Let us first understand what an outlier is and how to spot one. In simpler terms, an outlier is the odd man out or someone who sticks out from a large crowd. In statistics, an outlier is any data point that deviates considerably from the rest of your data points. They are important because they can change the result of our data analysis. Therefore, we must learn how to handle outliers in data .
Outliers are extreme values. If our dataset has extremely high or extremely low values, then those data points are termed as outliers. It indicates values either heavily tailed or highly skewed. It may occur due to variability in measurement or due to experimental error.
Outlier indicate that the distribution is heavily tailed or highly skewed.
If a value is extremely high, much outside the predicted range, the distribution will move to the right, making the curve right or positively skewed. If a value is extremely low, the distribution will shift to the left, causing the curve to be left or negatively skewed.
To demonstrate, I created a data set with only one column(Age). I have included two values: one that is high(100) and the other low(-50).
Sample Dataset: 10,12,34,25,20,22,30,33,40,100,-50
A box plot is a graphical depiction of the distribution of statistics. It makes use of the median as well as the lower and upper quartiles. A Box plot can readily spot an unusual point in the data set since any point above or below the whiskers is an anomaly. Sometimes referred to as the “Univariate method.”
Box Plot is a statistical plot to visualize descriptive statistics( Mean, Median, Q1, Q2, IQR, Minimum, Maximum). I will be using R software.
#First intsall "readxl" package to read excel file into R
install.packages("readxl")
#load readxl package
library(readxl)
my_data <- read_excel("Outlier.xlsx")
boxplot(my_data)
A histogram in which the majority of the information is on one side while a few observations appear distant from the main group are termed as outliers. Observationss outliers.
Histogram also detects outliers. R code to generate histogram.
Age<- my_data$Age
hist(Age,xlab = "Age",col="darkmagenta", xlim = c(-60,100), ylim = c(0,10),main="Outlier Detection using Histogram")
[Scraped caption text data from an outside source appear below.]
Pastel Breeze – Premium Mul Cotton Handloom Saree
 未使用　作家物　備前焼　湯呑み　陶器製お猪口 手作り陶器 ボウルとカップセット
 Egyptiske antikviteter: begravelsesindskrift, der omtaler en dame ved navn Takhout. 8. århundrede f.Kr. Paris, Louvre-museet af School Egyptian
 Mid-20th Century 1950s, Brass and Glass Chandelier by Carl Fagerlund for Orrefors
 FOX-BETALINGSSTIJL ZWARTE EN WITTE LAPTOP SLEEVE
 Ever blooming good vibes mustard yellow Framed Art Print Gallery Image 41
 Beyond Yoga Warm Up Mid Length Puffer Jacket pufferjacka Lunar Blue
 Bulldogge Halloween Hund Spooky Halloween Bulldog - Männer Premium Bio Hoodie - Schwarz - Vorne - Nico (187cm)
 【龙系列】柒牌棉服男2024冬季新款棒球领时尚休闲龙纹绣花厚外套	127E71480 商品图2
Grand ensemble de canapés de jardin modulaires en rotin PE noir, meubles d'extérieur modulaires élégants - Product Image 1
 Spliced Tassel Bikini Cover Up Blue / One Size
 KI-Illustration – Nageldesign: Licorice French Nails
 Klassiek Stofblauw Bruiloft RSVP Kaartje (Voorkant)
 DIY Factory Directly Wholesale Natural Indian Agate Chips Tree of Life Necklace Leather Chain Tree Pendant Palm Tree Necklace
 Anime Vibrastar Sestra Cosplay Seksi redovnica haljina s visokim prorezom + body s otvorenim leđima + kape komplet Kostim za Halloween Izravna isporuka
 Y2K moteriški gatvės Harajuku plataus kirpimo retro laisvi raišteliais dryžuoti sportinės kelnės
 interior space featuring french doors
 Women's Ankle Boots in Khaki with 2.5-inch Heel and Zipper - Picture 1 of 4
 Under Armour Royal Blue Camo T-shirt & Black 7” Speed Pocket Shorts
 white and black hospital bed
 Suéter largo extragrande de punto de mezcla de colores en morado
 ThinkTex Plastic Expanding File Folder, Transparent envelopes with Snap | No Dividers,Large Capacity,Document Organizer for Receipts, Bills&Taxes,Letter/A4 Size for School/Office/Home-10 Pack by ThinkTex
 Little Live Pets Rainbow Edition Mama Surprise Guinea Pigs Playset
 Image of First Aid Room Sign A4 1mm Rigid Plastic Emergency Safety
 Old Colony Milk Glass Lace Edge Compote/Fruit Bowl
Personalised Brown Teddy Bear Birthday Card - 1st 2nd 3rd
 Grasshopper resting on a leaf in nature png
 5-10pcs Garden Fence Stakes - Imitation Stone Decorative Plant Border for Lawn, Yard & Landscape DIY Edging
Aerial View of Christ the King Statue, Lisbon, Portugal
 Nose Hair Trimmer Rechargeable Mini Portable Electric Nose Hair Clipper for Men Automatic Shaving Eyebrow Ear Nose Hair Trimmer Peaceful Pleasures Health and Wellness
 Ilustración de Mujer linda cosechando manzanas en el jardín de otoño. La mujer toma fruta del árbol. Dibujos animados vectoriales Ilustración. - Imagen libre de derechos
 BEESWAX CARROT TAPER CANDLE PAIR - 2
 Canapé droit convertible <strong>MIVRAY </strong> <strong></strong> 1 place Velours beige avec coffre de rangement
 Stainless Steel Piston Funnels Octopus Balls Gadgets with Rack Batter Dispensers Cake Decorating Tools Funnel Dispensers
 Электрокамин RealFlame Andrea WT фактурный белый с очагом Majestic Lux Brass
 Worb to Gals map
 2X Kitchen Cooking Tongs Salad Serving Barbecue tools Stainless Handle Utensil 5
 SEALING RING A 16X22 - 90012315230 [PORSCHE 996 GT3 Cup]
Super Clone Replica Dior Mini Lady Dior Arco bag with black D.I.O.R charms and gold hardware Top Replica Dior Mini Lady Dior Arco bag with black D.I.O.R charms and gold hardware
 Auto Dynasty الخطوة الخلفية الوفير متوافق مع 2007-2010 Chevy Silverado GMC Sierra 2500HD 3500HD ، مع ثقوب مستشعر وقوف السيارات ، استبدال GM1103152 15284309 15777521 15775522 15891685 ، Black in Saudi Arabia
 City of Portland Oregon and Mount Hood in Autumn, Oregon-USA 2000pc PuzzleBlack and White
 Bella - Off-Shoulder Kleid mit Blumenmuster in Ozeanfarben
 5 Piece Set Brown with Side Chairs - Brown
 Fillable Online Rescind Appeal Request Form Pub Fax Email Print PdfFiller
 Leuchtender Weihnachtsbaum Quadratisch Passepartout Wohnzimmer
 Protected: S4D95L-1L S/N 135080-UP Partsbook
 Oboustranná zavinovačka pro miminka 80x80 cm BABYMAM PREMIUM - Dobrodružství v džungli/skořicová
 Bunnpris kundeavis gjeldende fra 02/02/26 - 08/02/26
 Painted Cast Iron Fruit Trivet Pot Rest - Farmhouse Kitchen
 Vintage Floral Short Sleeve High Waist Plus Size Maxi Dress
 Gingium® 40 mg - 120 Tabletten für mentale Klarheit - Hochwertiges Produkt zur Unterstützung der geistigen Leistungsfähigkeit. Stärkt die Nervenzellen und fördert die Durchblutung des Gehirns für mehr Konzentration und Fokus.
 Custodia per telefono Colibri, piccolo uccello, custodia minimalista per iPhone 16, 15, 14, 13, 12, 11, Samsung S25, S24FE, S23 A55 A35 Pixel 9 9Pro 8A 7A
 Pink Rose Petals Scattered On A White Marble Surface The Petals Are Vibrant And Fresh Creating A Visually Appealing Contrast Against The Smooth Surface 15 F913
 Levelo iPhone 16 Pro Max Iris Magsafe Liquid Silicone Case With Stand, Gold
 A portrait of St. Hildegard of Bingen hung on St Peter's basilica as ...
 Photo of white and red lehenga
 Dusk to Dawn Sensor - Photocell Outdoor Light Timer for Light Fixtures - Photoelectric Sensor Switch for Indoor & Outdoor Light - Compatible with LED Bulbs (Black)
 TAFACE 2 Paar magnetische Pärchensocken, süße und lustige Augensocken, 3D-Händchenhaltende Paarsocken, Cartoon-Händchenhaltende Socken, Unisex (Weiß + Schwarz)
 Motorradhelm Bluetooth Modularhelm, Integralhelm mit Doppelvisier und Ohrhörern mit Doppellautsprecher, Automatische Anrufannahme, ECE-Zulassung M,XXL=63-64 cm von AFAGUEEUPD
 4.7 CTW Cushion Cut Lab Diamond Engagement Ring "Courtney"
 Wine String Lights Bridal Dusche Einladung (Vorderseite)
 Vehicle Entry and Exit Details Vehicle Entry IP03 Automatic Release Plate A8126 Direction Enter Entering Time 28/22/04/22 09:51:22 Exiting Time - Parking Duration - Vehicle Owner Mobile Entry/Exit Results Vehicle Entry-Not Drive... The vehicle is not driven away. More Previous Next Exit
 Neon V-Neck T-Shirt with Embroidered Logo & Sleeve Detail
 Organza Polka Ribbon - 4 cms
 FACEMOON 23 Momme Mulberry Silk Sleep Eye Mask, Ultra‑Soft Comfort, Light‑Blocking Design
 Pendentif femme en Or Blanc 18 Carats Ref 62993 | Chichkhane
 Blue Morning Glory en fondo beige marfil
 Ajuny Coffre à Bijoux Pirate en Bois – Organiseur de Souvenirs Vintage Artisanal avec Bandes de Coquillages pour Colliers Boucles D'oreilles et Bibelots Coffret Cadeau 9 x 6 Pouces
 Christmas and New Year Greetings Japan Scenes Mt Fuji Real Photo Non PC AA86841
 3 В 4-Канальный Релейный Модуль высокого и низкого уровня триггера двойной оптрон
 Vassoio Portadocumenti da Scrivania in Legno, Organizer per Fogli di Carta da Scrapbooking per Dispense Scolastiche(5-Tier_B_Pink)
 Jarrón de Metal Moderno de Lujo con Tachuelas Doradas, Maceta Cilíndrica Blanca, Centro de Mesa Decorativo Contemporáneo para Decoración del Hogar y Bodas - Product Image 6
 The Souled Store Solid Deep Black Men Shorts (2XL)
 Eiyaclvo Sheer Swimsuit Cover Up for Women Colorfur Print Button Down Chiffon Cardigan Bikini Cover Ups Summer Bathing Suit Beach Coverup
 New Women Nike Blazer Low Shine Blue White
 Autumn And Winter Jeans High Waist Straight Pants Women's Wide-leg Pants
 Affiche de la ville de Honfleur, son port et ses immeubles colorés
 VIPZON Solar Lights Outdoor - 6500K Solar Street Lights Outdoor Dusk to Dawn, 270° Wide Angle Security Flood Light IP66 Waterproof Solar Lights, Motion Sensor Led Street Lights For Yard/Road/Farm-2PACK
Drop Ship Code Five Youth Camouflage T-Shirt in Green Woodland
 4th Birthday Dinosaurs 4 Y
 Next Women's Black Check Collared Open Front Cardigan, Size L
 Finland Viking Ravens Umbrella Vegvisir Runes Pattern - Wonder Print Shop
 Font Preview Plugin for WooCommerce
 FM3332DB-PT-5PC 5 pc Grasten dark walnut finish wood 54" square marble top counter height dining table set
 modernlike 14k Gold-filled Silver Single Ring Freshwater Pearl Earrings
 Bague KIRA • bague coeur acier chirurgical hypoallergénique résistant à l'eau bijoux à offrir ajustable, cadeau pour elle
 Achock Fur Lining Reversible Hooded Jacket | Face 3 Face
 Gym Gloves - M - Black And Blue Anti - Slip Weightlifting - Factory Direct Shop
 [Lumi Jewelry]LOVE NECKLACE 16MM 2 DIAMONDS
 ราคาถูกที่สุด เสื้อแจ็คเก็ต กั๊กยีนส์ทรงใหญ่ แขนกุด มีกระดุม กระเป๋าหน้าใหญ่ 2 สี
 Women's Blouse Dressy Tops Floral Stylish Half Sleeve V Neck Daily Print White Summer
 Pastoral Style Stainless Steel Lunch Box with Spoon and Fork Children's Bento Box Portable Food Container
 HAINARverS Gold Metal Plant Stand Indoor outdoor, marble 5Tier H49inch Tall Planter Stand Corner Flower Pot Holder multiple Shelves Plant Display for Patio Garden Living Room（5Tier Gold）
The interquartile range rule is important for spotting outliers. Inter Quartile Range score or middle 50% or H-spread is a measure of statistical dispersion, being equal to the difference between the 75th percentile and 25th percentile i.e., third quartile(Q3) and first quartile(Q1)
IQR=Q3-Q1
We identify the outliers as values less than Q1 -(1.5 * IQR) or greater than Q3+(1.5 * IQR)
#Intsall "readxl" package
install.packages("readxl")
#load readxl package
library(readxl)
#Read the excel file
my_data <- read_excel("Outlier.xlsx")
#summary() computes summary statistics of data and model objects.
summary(my_data)
Age
Min. :-50.00
1st Qu.: 16.00
Median : 25.00
Mean : 25.09
3rd Qu.: 33.50
Max. :100.00
#Assigning Values
Q1<-16.00
Q3<-33.50
#Calculating IQR
IQR<-Q3-Q1
IQR
[1] 17.5
Lower=Q1-(1.5*IQR)
Upper=Q1+(1.5*IQR)
Lower
[1] -10.25
Upper
[1] 42.25
#Any number smaller than this is an outlier
my_data[my_data$Age<Lower,]
-50
#Any number larger than this is considered an outlier
my_data[my_data$Age>Upper,]
100
A measure of how the values in a data set vary or deviate from the mean.
We identify the outliers as values less than (Mean – 3*SD)or greater than (Mean + 3*SD).
R Code to calculate standard deviation
#load the readxl library
library(readxl)
#Read the excel file
my_data <- read_excel("Outlier.xlsx")
#summary() computes summary statistics of data and model objects.
summary(my_data)
Age
Min. :-50.00
1st Qu.: 16.00
Median : 25.00
Mean : 25.09
3rd Qu.: 33.50
Max. :100.00
#calculates the standard deviation
sd(my_data$Age)
[1] 34.74609
#Values greater than Mean + 3*sd are considered as outlier
my_data[my_data$Age > Mean + (3*sd),]
100
#Values less than Mean - 3*sd are considered as outlier
my_data[my_data$Age < Mean - (3*sd),]
-50
A scatter plot helps in determining the degree of correlation between two numerical variables, such as a simple linear relationship between X and Y. An outlier is any observation that deviates from the ordinary.
In machine learning, outliers usually mislead the interpretation of the data as a whole, resulting in less accurate models and incorrect results during the training process. Although not all the machine learning models are sensitive to outliers. ML models sensitive to outliers listed below.
Not all outliers prove to be troublesome in a dataset. For example, in credit card fraud detection, it is considered to be important to notice any unusual transaction that has taken place and in stock forecasting, any unusual spike has to be considered. Hence it is very important to understand the dataset and the problem statement before we get to deal with the outliers.